Yup. I only use that stuff with very tenacious gunk, and only sparingly in well-ventilated areas. I know it's awfully toxic... I was surprised to see that 15-20 years ago, pure CCl4 was used as shoe polish remover and came in little glass bottles with a cotton ball applicator!!! But I'd rather use CCl4 than highly toxic and carcinogenic 1,1,1 trichlorethane which was commonly used when I used to work at Xerox. I tried to avoid using that stuff at the time. I still have a can of that stuff in my lab. :undecided:

But back to the greenies... I'll try to fiddle with these tonight but I doubt i'll even have time to because I'm finishing up a graphics work that needs to go to the printer on Friday.

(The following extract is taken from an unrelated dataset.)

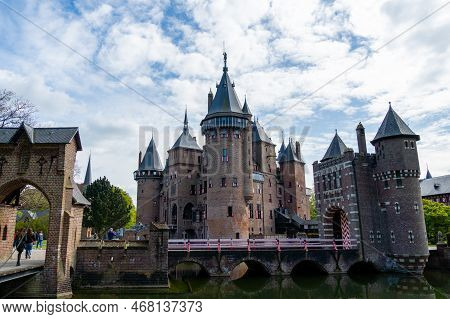 Castle De Haar In Haarzuilens Close To Utrecht. A Medieval Dutch Kasteel From 1892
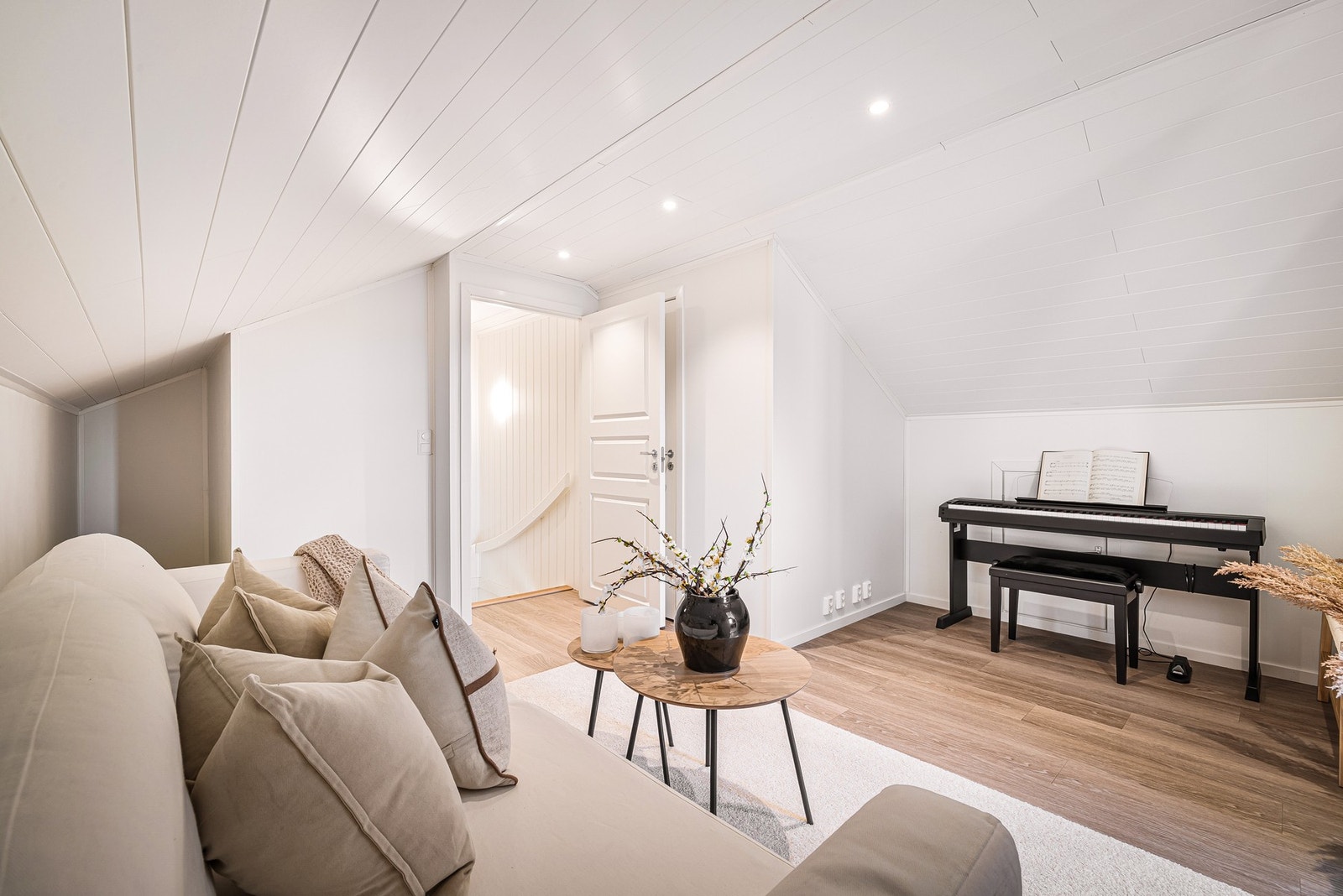 Loftsetasjen er innredet med loftstue, bod og et soverom Galleribilde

Anyway, when 11 PM comes around, I'm as productive as a doorstop. :D

Robert
 
Glad to see a few people get these ... I ordered on Aug. 1st, still "pending", maybe by Christmas.

Didn't they use CCl4 in drycleaning years ago?
 
Okay so I went to the post office and retreived my paxckage. Really overworked and don't have much time to fiddle with this, but I couldn't resist opening and taking inventory. All three modules were individually wrapped in red bubble wrap. The rest of the stuff was loose in the bag.

My initial inspection shows that the modules are slightly flimsy, the driver board is not secured at all, just loose (only thing that holds it is the soldered diode pins) and the brass sections are screwed a bit loose too. Hooked-up a 3v battery on one of the modules and the thing shines brightly. Good sign.

Mhhh. Enough for now. i'll investigate further over the weekend.

Robert
 
I received 3 more today. Awesome!!!! They all are very bright and can burn. 2 of the 3 are between 70-125mW the other is around 60. These are rough estimates I will have exact measurement tomorrow but as of now my feelings on these modules has taken a full 180. Also I would like to mention that I find it to be a benefit that the driver is not epoxied to the module like many others. It makes it much easier to remove and relocate as needed for confined builds ie pocket laser show. (spirograph)
 
I got home last night and did a quick check of my "200mW" module.

It is putting out 60mW @ 3V.

It did 130mW @ 4.5V. but apparently I am lucky it is still alive, eh?

Peace,
dave
 
130mW isn't so bad. I'd actually consider that pretty good. I have been testing mine at 3.8V.
 
I don't know, the other guys presenced their diodes' deaths too soon... did you get a freak one again :p?

I think that it is all of the rocks around me ;)

Heck! For $40 I'm willing to push it with 4.5V. I can still use the Kryton with a diode ;)

Peace,
dave
 
I will try 4.2V when I get home from work. I will also have exact power measurements.
 
4v works fine. That big resistor gets hot as he'll. I tested them but now I am away from my filter ir. Tomorrow.